:: Task item ::
Exactly as they appear below, repeat the lines from the one with "The Thanksgiving Turkey float during th" through the one with "Linear Blooms Phone". Drop every picture.

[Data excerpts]

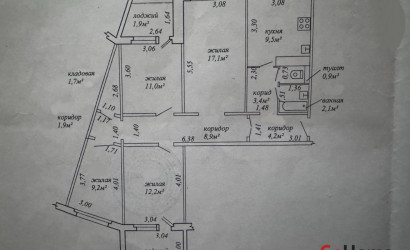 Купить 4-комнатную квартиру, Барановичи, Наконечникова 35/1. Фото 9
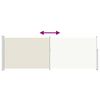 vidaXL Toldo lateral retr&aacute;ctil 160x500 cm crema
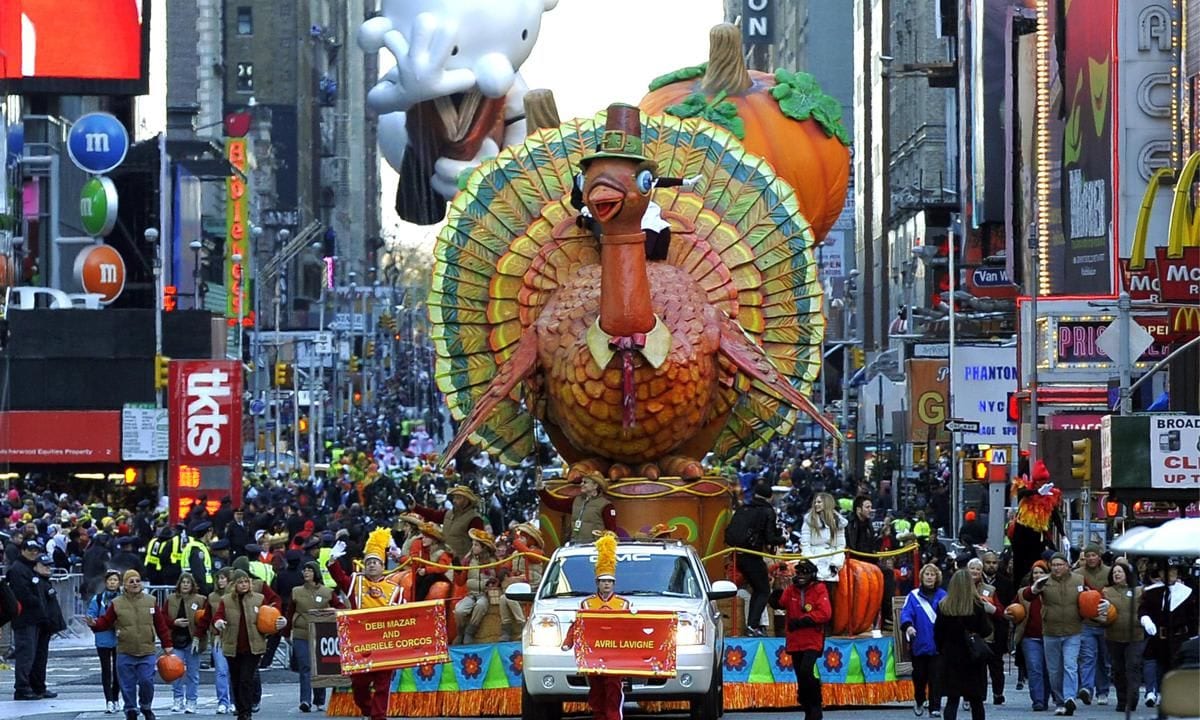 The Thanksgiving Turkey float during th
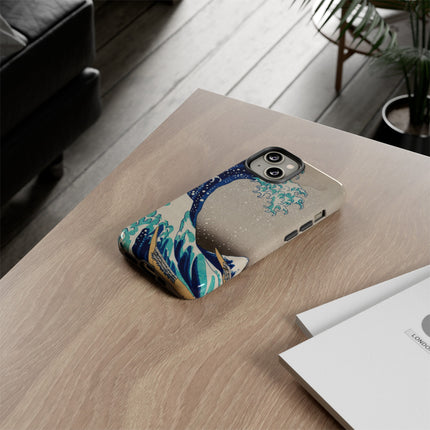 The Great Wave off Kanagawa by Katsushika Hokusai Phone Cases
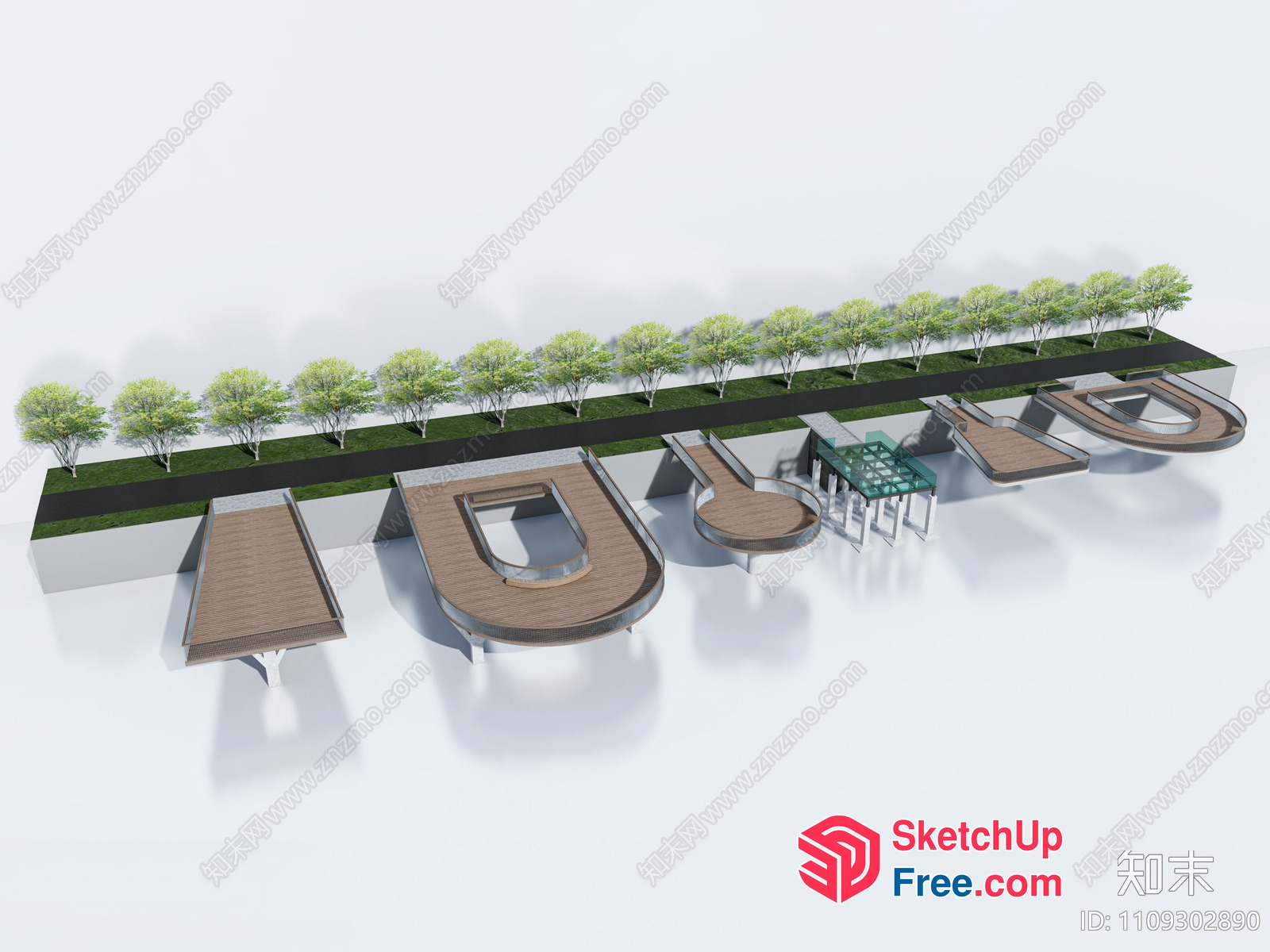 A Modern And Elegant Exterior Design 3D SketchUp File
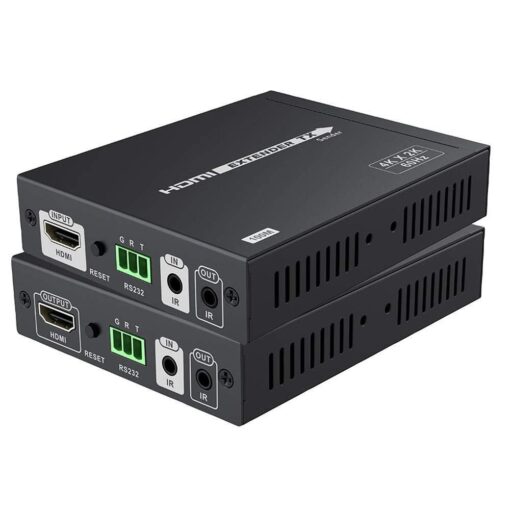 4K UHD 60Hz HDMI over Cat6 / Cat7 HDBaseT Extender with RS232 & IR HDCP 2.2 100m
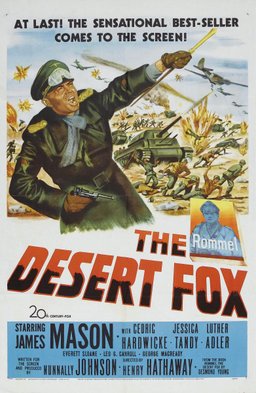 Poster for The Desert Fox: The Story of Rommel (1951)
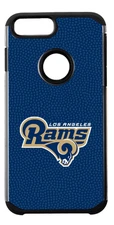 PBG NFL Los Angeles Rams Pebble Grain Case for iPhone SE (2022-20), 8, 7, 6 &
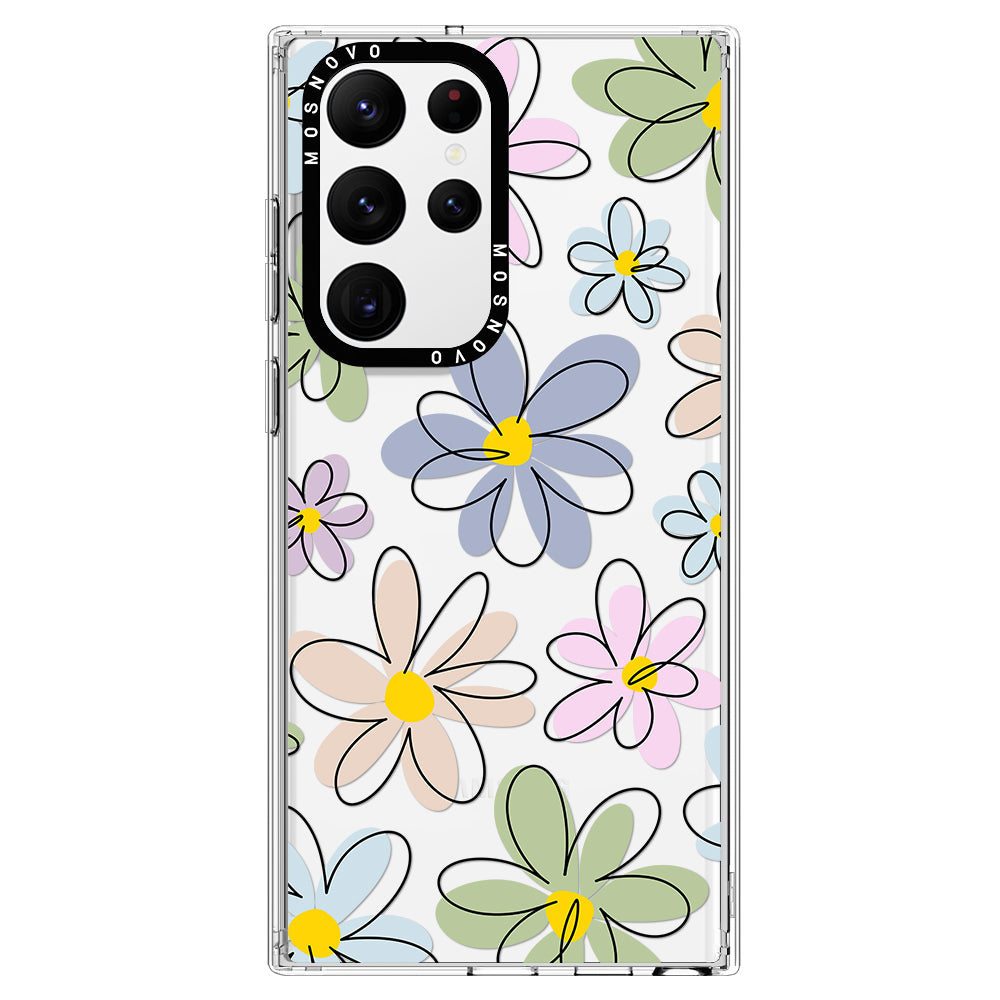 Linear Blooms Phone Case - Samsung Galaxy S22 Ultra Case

==

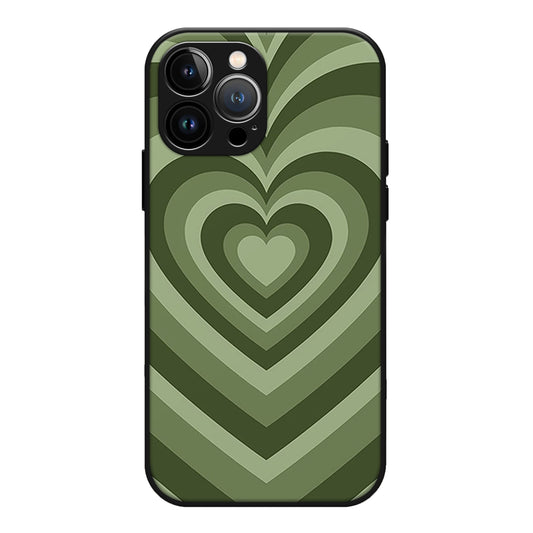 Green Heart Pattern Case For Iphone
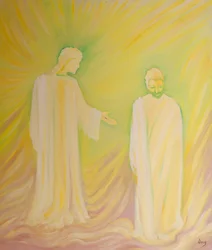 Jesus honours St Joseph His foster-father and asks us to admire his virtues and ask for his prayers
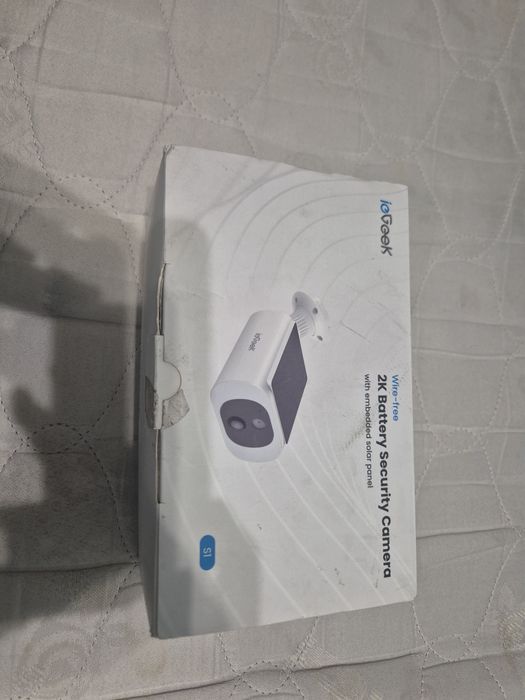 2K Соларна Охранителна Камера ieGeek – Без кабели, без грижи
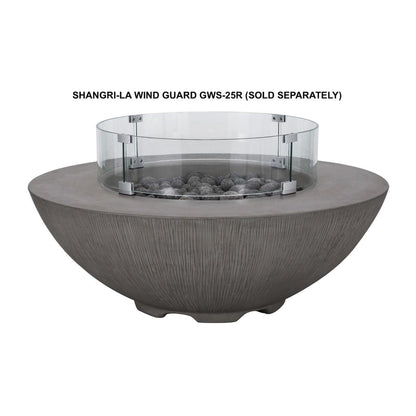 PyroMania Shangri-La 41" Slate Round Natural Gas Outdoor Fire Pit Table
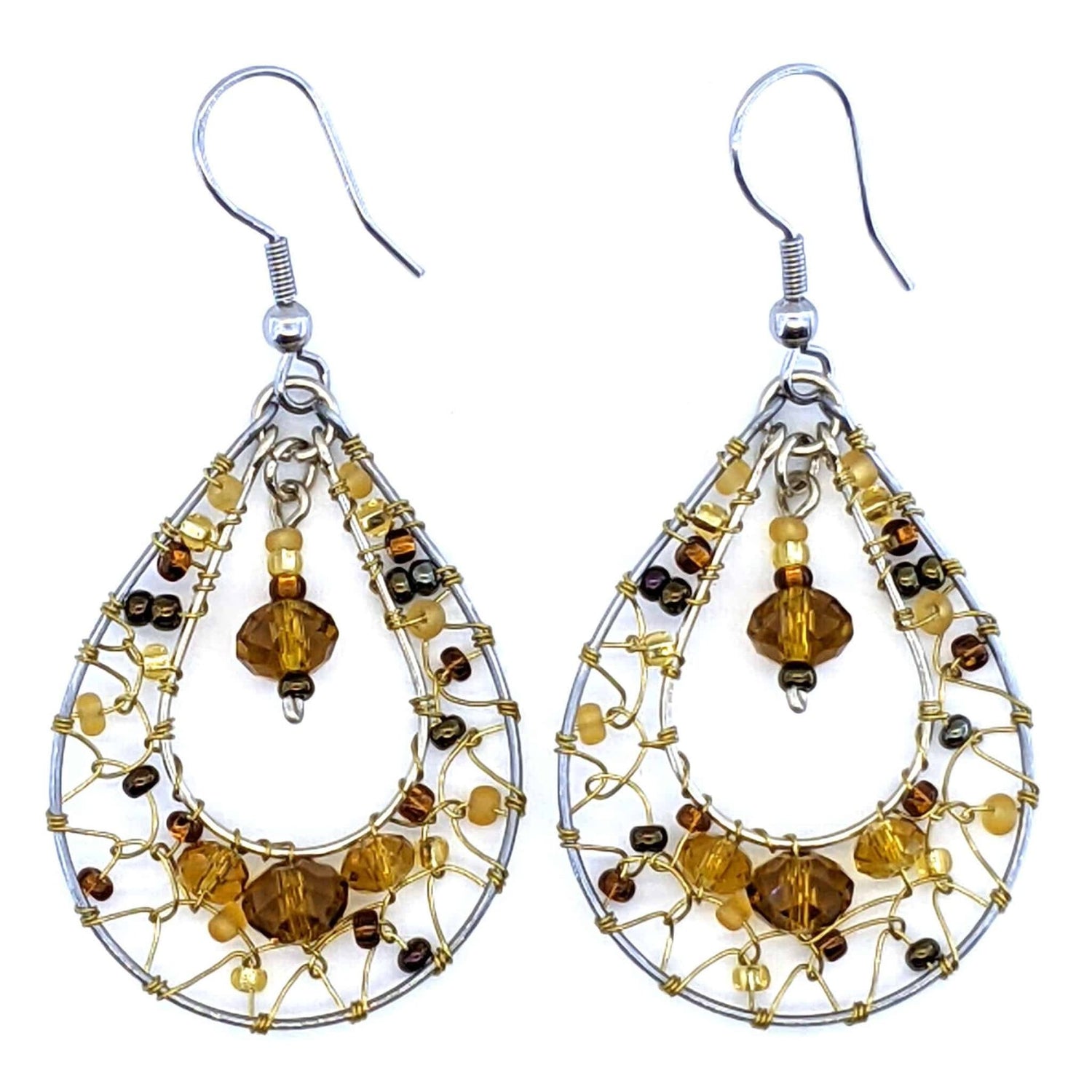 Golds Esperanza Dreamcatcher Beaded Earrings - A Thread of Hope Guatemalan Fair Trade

:: Task solution ::
 The Thanksgiving Turkey float during th
 The Great Wave off Kanagawa by Katsushika Hokusai Phone Cases
 A Modern And Elegant Exterior Design 3D SketchUp File
 4K UHD 60Hz HDMI over Cat6 / Cat7 HDBaseT Extender with RS232 & IR HDCP 2.2 100m
 Poster for The Desert Fox: The Story of Rommel (1951)
 PBG NFL Los Angeles Rams Pebble Grain Case for iPhone SE (2022-20), 8, 7, 6 &
 Linear Blooms Phone Case - Samsung Galaxy S22 Ultra Case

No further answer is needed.